Reproducible in 70 seconds on M1 16 GB.
| Question | CS01 (NFCorpus, dense relevance) | CS02 (SciFact, sparse relevance) |
|---|---|---|
| Does the gate reject Mira/popularity? | yes (Δ_D ≈ 0 on both metrics) | yes (Δ_D ≈ 0 on both metrics) |
| Does the gate accept BM25? | only under recall@5 (Δ_D = +0.140); fails under nDCG@10 | yes on both (Δ_D = +0.211 nDCG, +0.627 recall) |
| Does the gate accept dense MiniLM? | only under recall@5 (Δ_D = +0.178); fails under nDCG@10 | yes on both (Δ_D = +0.241 nDCG, +0.734 recall) |
| Does metric choice matter? | yes — graded metric on dense relevance hides null separation | no — sparse relevance gives both metrics clean separation |
Joint finding from CS01 + CS02: the gate is sound. The metric-sensitivity caveat applies specifically to graded metrics on multi-label benchmarks where average relevant-docs-per-query is high. As a rule-of-thumb threshold from these two data points: when the average exceeds ~5 relevant docs/query, prefer a single-gold strict metric (recall@K against top-1 gold). When it’s near 1, either metric works.
| Field | Value |
|---|---|
| Benchmark | BEIR / SciFact, test split |
| Source | BeIR/scifact (corpus + queries) and BeIR/scifact-qrels (test) on HuggingFace |
| Corpus size | 5,183 documents |
| Test queries | 300 (with ≥1 relevant doc) |
| Relevance entries | 339 (~1.1 relevant docs/query) |
| Corpus sha256[:16] | 8746799146f0abe5 |
| Queries sha256[:16] | 0ee762ffc05a9182 |
| Random seed | 2026 |
| n_trials | 30 |
| τ | 0.05 |
| Total runtime | ~66 seconds end-to-end |
| Peak RAM | <2 GB |
cd case_studies/cs02_scifact
python3 run_case_study.py
SciFact uses integer query-id and corpus-id in the qrels, while the corpus and queries datasets use string _id. CS02’s loader normalises everything to string before joining. CS01’s loader did not need this; this is a per-benchmark idiosyncrasy of the BEIR HuggingFace mirror, not a gate issue. (Caught by running the case study; documented here as guidance for future CS03+.)
| System | Published nDCG@10 (BEIR Table 2) | Our nDCG@10 |
|---|---|---|
| BM25 | 0.665 (Anserini, proper tokenisation) | 0.567 (rank_bm25, simple .split() tokenisation) |
| MiniLM-L6-v2 dense | not reported directly; SBERT models on SciFact range 0.55–0.69 | 0.648 |
Our BM25 number is below published because we use a deliberately-cheap configuration (.split() lowercase tokenisation, default BM25 params) — the goal is reproducibility on a laptop in <2 minutes, not to match the SOTA tokeniser stack. Dense is in range.

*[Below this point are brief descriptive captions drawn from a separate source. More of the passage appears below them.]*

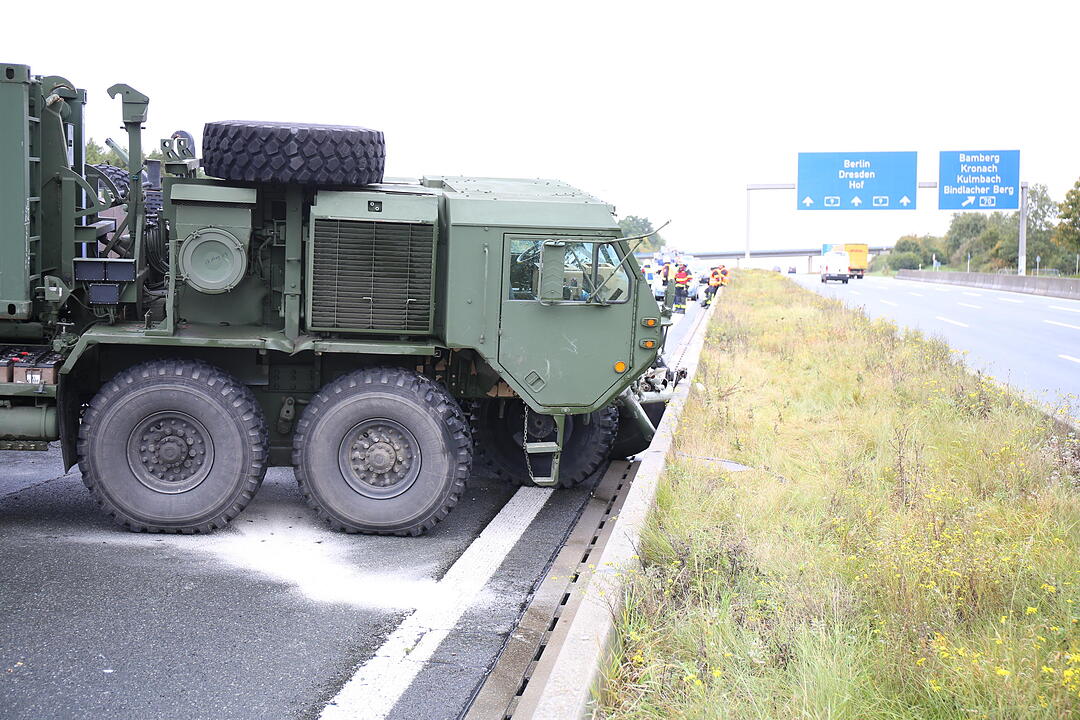 Unfall auf der A9 in Oberfranken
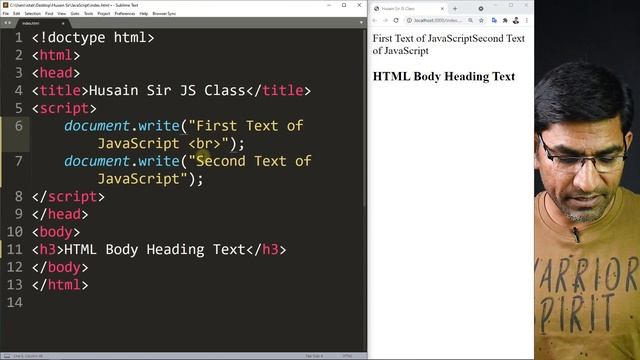 Add Html Tags in JavaScript Basic Tutorial in Hindi / Urdu - Class - 03 смотреть онлайн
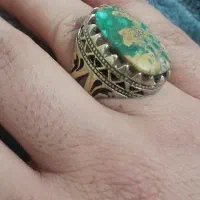 انگشتر فیروزه قدمت دار سنگین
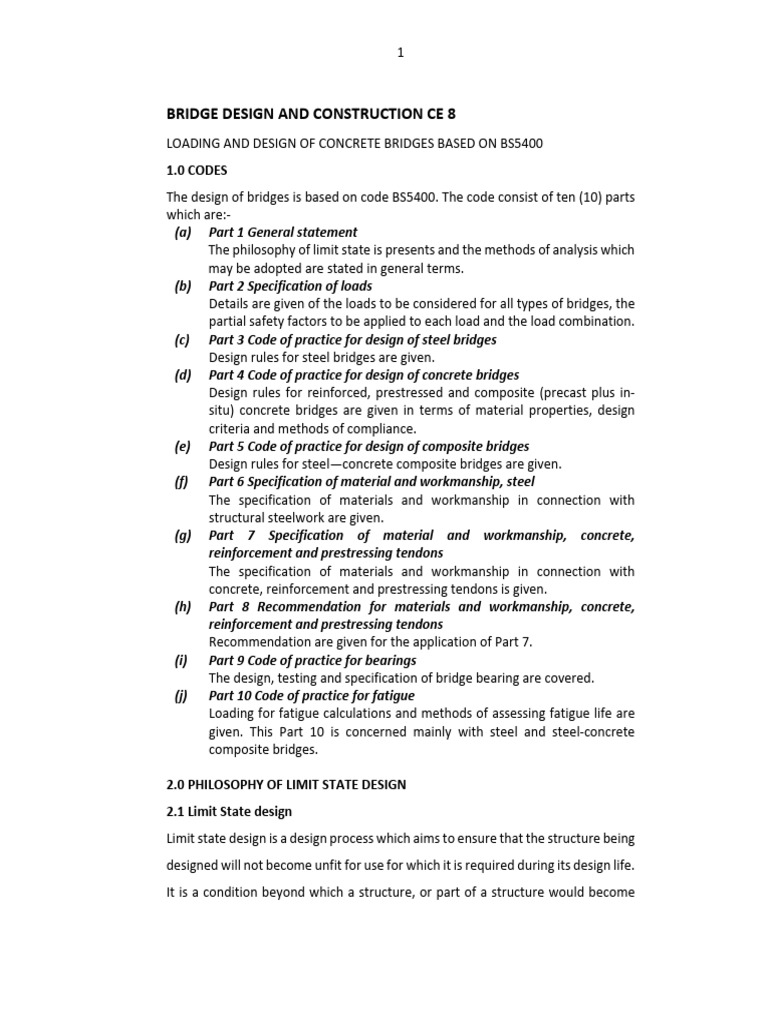 Bridge Design Codes and Standards | PDF | Strength Of Materials ...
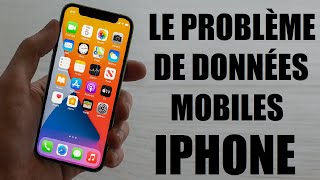 Le problème de Données Mobiles sur un iPhone [upl. by Isaak756]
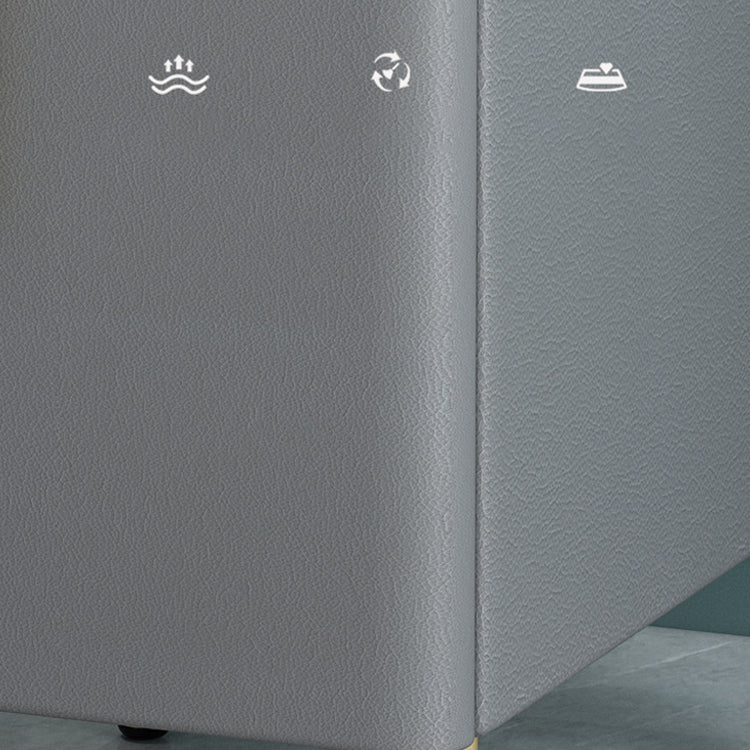 21.65" Tall Glam Bedside Cabinet Solid Wood Night Table with Drawers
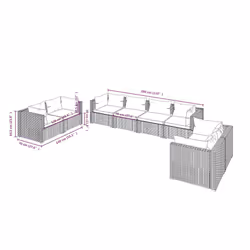 VidaXL 3102284 ensemble de meubles de jardin - Vue supplémentaire 7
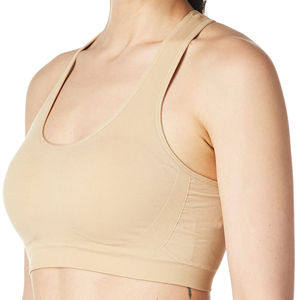 Soutien-gorge respirant et écologique pour femme avec logo frontal, maintien élevé, extensible dans quatre directions, idéal pour le yoga, la course et l'entraînement - Product Image 6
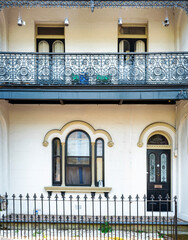 Old house facade in the Newtown Neighboorhood, built in XIX Century, a heritage-listed...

Two real benchmarks, two relevance regimes (dense vs sparse), four broken predictors tested across both, four legitimate retrievers tested across both. Across all eight ⟨benchmark, system⟩ pairs:
That’s the empirical foundation that the documentation lacked before today.
CS03 (FiQA, financial domain, denser than SciFact but sparser than NFCorpus) and CS04 (Quora, paraphrase retrieval) will further triangulate the metric-sensitivity finding. Both planned for this week.